Y a-t-il des sociétés plus naturelles que d’autres ?

Partager sur Facebook Partager sur Twitter


L'analyse du professeur


La Fable des abeilles de Mandeville est une sorte de conte philosophique au moyen duquel ce célèbre représentant des premières formes d’utilitarisme compare la société humaine à une société animale, et cherche ainsi à montrer que les hommes n’ont pas naturellement intérêt à se détruire mutuellement, mais sont enclins à coopérer pour le plus grand bien-être de tous et de chacun. Pourtant, l’histoire semble démontrer que cette utopie d’une société naturelle, qui se dispenserait de la régulation politique et juridique d’un État, ne peut exister en pratique et confine au conflit. La nature peut-elle être une norme, un fondement de la sociabilité ? Y a-t-il un sens à parler de sociétés naturelles ? Comment distinguer les critères de la naturalité ?
Réfléchir à la question de savoir si certaines sociétés sont plus naturelles que d’autres engage ainsi à se poser le problème de ce qui fait le lien social, et, si tant est qu’il peut sembler naturel, à s’interroger sur la façon de respecter cette forme de naturalité. Le problème paraît en ce sens reposer sur une contradiction évidente : toute société semble à la fois naturelle, puisqu’elle est composée d’individus qui sont d’abord déterminés par ce qu’ils sont par nature, comme non naturelle, puisqu’elle implique nécessairement que la coexistence entre ces individus modifie la simple expression de ce qu’ils sont par nature, au point de construire une culture qui discipline, voire bouleverse, les données naturelles.
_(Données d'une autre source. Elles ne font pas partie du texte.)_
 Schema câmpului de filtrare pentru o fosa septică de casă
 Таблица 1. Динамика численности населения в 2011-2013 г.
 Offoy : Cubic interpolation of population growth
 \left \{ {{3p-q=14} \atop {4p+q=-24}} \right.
Quelle est la limite au-delà de laquelle la transformation de la nature permet de caractériser un arrachement à cette nature ? Toute culture n’est-elle pas par principe une non-nature ? Jusqu’à quel point peut-on identifier une nature qui serait un norme, et au regard de laquelle on pourrait distinguer des sociétés plus naturelles que d’autres ?
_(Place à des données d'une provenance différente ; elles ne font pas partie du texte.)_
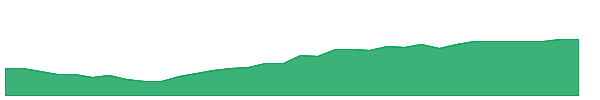 IDLV 1y chart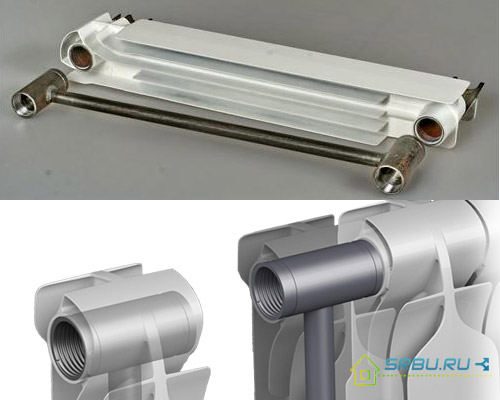 Structura radiatoarelor de încălzire bimetalice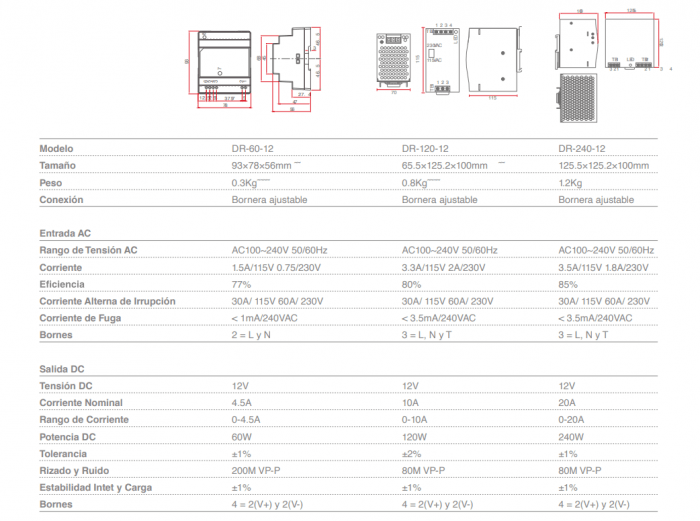 Fuente De Alimentacion Powerswitch 60w 12v 5a Riel Din - Imagen 4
Nous chercherons tout d’abord à définir la notion de société naturelle, afin de montrer qu’elle permet de distinguer différents types de sociétés, naturelles et non naturelles. Nous en viendrons toutefois ensuite à constater que le critère de distinction que nous avons construit revient à essentialiser le comportement de l’homme, et à ne pas prendre conscience que la notion de nature ne peut signifier la même chose chez l’homme que pour tout animal. Dès lors, nous tenterons, dans la dernière partie de notre raisonnement, de montrer que l’homme a paradoxalement une nature culturelle, c’est-à-dire qu’il n’est possible à son égard de parler de société naturelle qu’en acceptant que le critère naturel se fonde moins sur des caractéristiques essentielles que sur des valeurs morales.